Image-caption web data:
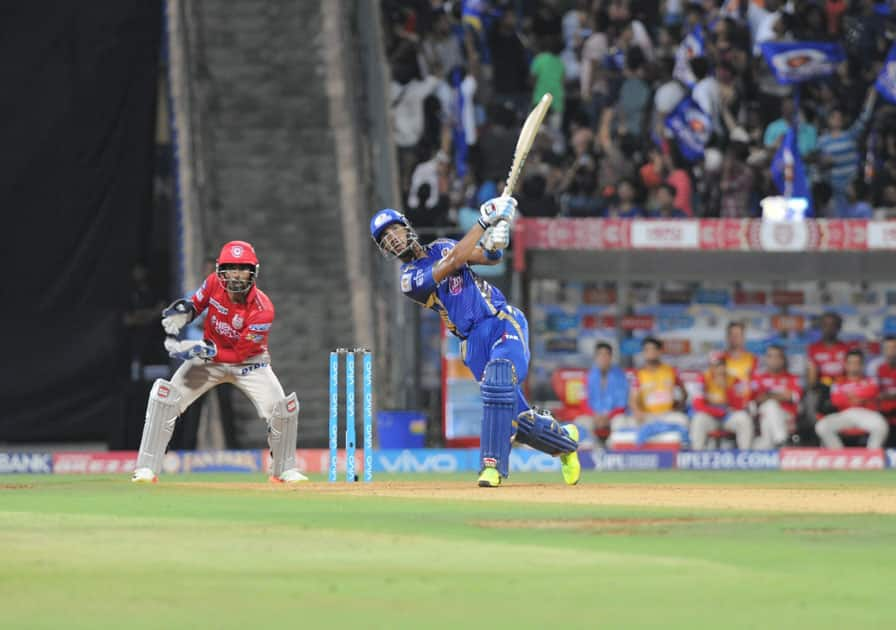 Lendl Simmons of Mumbai Indians in action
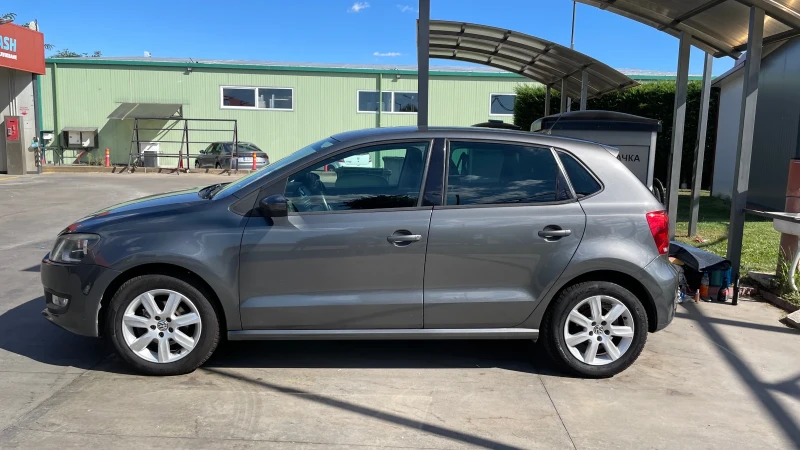 VW Polo, снимка 2 - Автомобили и джипове - 52191923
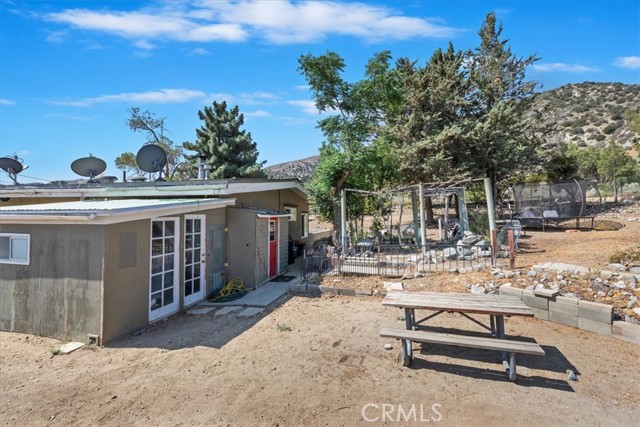 1946 Desert Front Road, Wrightwood CA: https://media.crmls.org/medias/b1d2e4a7-21d9-4795-a292-7957dec4069f.jpg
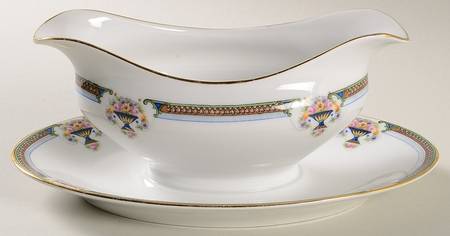 MUE40 Gravy Boat with Attached Underplate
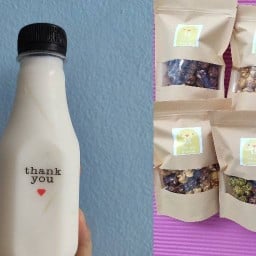 มะพร้าวนมสด - นมสดสตรอเบอรี่ & ขนม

[What needs to be done]
Leaving the pictures aside, copy exactly and only the lines from the one holding "VW Polo, снимка" through the final line of the data, both ends kept.

[Answer space]
 VW Polo, снимка 2 - Автомобили и джипове - 52191923
 1946 Desert Front Road, Wrightwood CA: https://media.crmls.org/medias/b1d2e4a7-21d9-4795-a292-7957dec4069f.jpg
 MUE40 Gravy Boat with Attached Underplate
 มะพร้าวนมสด - นมสดสตรอเบอรี่ & ขนม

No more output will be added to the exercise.